Hi @canghongjian thanks for open-sourcing the model weights and code, however when I try to run inference for hotpotqa, i get the following error:
OSError: model/deberta-v3-large is not a local folder and is not a valid model identifier listed on 'https://huggingface.co/models'
If this is a private repository, make sure to pass a token having permission to this repo either by logging in with `huggingface-cli login` or by passing `token=<your_token>`
Hence, I replace 'model/deberta-v3-large' to 'microsoft/deberta-v3-large' in test_model_tmp.py But then I get the below error:
RuntimeError: Error(s) in loading state_dict for Retriever:
Unexpected key(s) in state_dict: "encoder.embeddings.position_ids".
Please let me if anything is incorrect. Thanks!
Hi @canghongjian thanks for open-sourcing the model weights and code, however when I try to run inference for hotpotqa, i get the following error:
OSError: model/deberta-v3-large is not a local folder and is not a valid model identifier listed on 'https://huggingface.co/models' If this is a private repository, make sure to pass a token having permission to this repo either by logging in with `huggingface-cli login` or by passing `token=<your_token>`
Hence, I replace 'model/deberta-v3-large' to 'microsoft/deberta-v3-large' in test_model_tmp.py But then I get the below error:
RuntimeError: Error(s) in loading state_dict for Retriever: Unexpected key(s) in state_dict: "encoder.embeddings.position_ids".
Please let me if anything is incorrect. Thanks!

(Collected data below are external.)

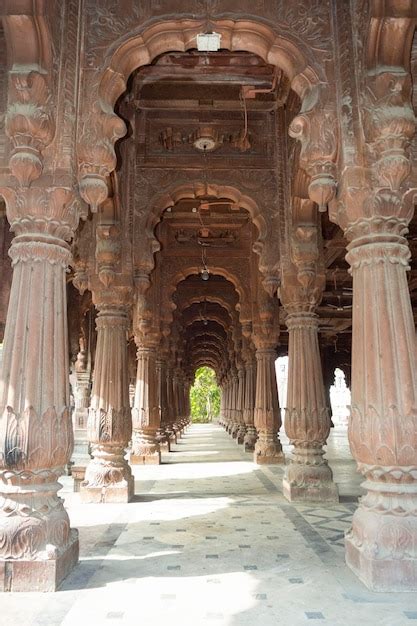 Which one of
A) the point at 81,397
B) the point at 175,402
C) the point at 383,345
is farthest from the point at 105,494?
the point at 175,402

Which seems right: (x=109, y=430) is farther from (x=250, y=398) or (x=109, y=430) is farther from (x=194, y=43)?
(x=250, y=398)

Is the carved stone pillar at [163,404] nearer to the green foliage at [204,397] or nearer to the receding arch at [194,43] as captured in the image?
the receding arch at [194,43]

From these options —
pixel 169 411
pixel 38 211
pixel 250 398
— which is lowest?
pixel 169 411

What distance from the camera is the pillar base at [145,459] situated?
12.6 meters

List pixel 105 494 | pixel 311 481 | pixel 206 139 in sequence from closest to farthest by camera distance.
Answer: pixel 105 494
pixel 311 481
pixel 206 139

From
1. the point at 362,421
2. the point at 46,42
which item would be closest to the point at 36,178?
the point at 46,42

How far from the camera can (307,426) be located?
7.59 m

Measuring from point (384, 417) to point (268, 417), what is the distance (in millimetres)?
8364

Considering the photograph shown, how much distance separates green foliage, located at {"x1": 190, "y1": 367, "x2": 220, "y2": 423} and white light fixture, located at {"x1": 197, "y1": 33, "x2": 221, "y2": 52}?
180 feet

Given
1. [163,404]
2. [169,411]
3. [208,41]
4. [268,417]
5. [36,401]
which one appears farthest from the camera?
[169,411]

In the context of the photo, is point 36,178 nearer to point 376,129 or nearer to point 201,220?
point 376,129

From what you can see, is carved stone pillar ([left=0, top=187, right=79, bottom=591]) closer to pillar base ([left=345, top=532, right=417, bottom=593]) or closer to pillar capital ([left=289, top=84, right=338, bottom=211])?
pillar capital ([left=289, top=84, right=338, bottom=211])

Hi @sauravjoshi23, sorry for the late reply. 'model/deberta-v3-large' is a placeholder, which you can edit by the actual url of local model files or a remote url. In terms of the second error, it seems to be caused by the version of the transformers library. Our transformers library version is pip install transformers==4.28.0
Hi all, I have uploaded the large version of Beam Retrieval on HotpotQA (the version we submitted to the leaderboard): hotpot_beam1_retr.pt hotpot_beam2_retr.pt
Hopefully they can do some help.
Hello! Thank you for sharing the checkpoint. I would like to ask if you could provide the code or algorithm you used to process the dataset? From what I saw in your code and paper, the dataset is processed at the passage-level, but the evaluation for the HotpotQA leaderboard is at the sentence-level. And the threshold you set?

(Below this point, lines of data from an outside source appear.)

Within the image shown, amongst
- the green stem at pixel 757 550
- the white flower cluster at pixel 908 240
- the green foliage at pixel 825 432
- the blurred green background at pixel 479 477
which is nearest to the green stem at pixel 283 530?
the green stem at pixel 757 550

@Barianc This part of the code is in qa/datasets.py
, and you should train a reader to handle this information. We use a predefined hop according to the datasets and did not use a threshold when submitted the results to the leaderboard.
Hi! Thanks for open-sourcing the codes for Beam Retrieval. Do you have any plans to share the checkpoints of the models? Thanks a lot!